Demographic Bias in Facial Recognition and Liveness

Experts grapple with the fact that training datasets for facial recognition may reflect the same demographic biases that exist in real life.

Definition & Overview

Although facial recognition has shown steady improvement in accuracy and liveness detection — both passive and active liveness — there is still a lack of inclusion of all racial and gender characteristics and the issue is still addressed in scientific publications occasionally. A number of experiments, including those conducted by Joy Buolamwini and Timnit Gebru in 2018 and 2019, revealed gender/racial unfairness and inaccuracy in facial recognition (see below).

Global distribution of skin color (Encyclopaedia Britannica)

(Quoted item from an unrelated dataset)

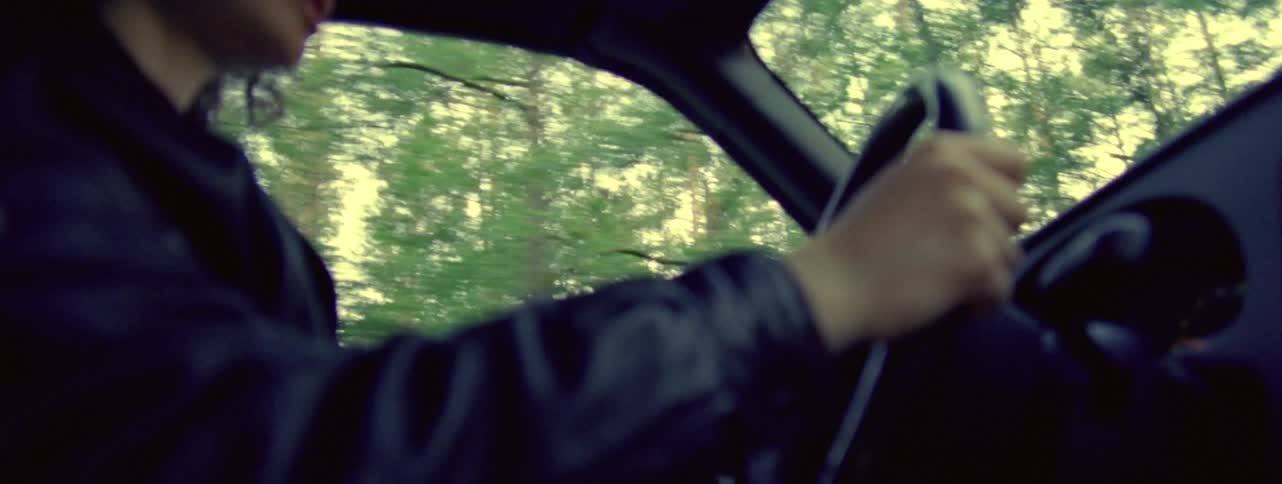 Arms of a person driving a vehicle in a wooded environment
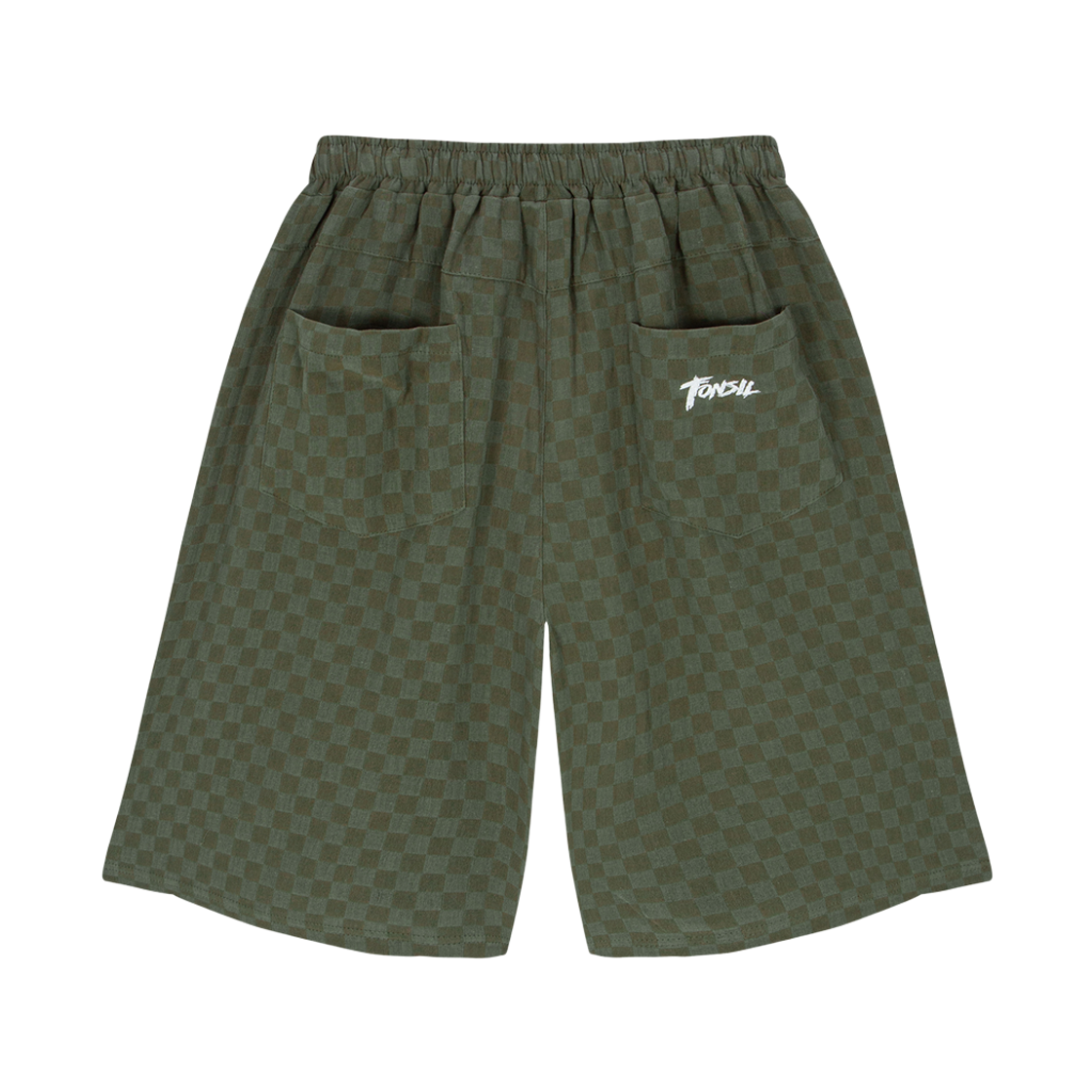 톤슬 체커보드 린넨라이크 버뮤다 팬츠 카키(TONSIL Checkerboard Linen-Like Bermuda Pants Khaki) - 2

This issue is largely attributed to poorly balanced data that is used for training face liveness and recognition solutions, as well as biased modelling approaches. Some studies raise a concern about deliberate discrimination in the field. At the same time a group of notable face datasets — FairFace, Racial Faces in the Wild, DFDC — have been designed with racial balance in mind.

Joy Buolamwini, computer scientist and digital activist

Countermeasures are suggested in response to the issue and include a debiasing Presentation Attack Detection (PAD) algorithm based on a Multi-Task Cascaded Convolutional Neural Network (MTCNN), applying demographic features removal, using data resampling during the training phase, assembling more racially proportionate datasets, and so on. Facial anti-spoofing with its types, countermeasures, and challenges is expected to be impartial in regard to racial diversity.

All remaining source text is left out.